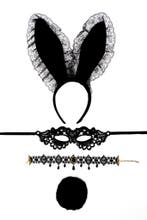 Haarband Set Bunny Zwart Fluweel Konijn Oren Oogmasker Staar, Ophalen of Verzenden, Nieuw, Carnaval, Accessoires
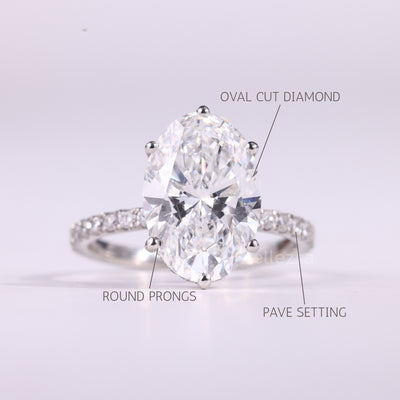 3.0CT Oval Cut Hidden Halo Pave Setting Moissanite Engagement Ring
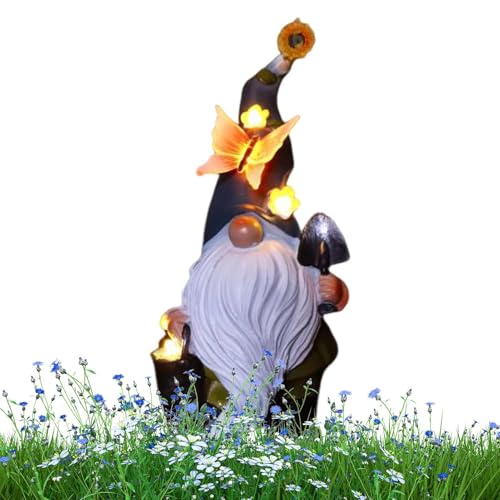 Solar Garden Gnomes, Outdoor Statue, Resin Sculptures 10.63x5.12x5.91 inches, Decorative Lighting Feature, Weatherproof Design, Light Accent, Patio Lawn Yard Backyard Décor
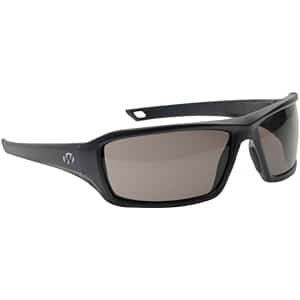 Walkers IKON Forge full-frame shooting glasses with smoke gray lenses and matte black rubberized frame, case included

——————————

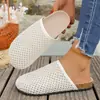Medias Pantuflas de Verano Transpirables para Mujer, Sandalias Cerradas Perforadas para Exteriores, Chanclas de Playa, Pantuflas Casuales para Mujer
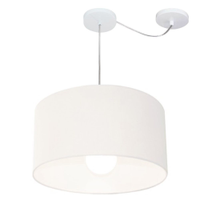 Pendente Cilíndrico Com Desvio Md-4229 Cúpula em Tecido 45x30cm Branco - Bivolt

——————————

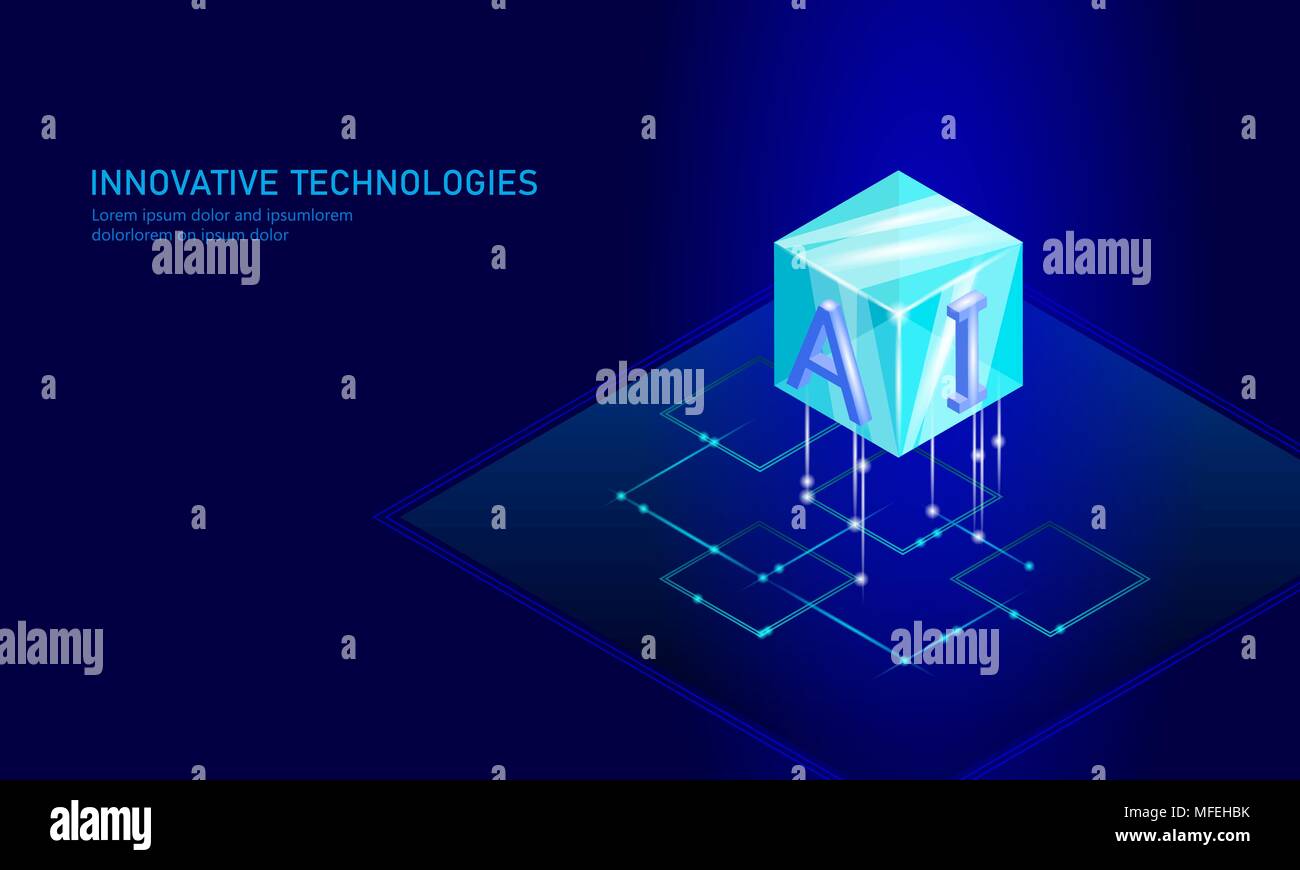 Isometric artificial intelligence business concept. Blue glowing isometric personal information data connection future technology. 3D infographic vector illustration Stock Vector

——————————

§ Exercise requirements
Look through the material above. Transcribe exactly the lines between the ones with "Medias Pantuflas de" and "Pendente Cilíndrico Com", inclusive, and keep pictures out.

§ Task solution
Medias Pantuflas de Verano Transpirables para Mujer, Sandalias Cerradas Perforadas para Exteriores, Chanclas de Playa, Pantuflas Casuales para Mujer
 Pendente Cilíndrico Com Desvio Md-4229 Cúpula em Tecido 45x30cm Branco - Bivolt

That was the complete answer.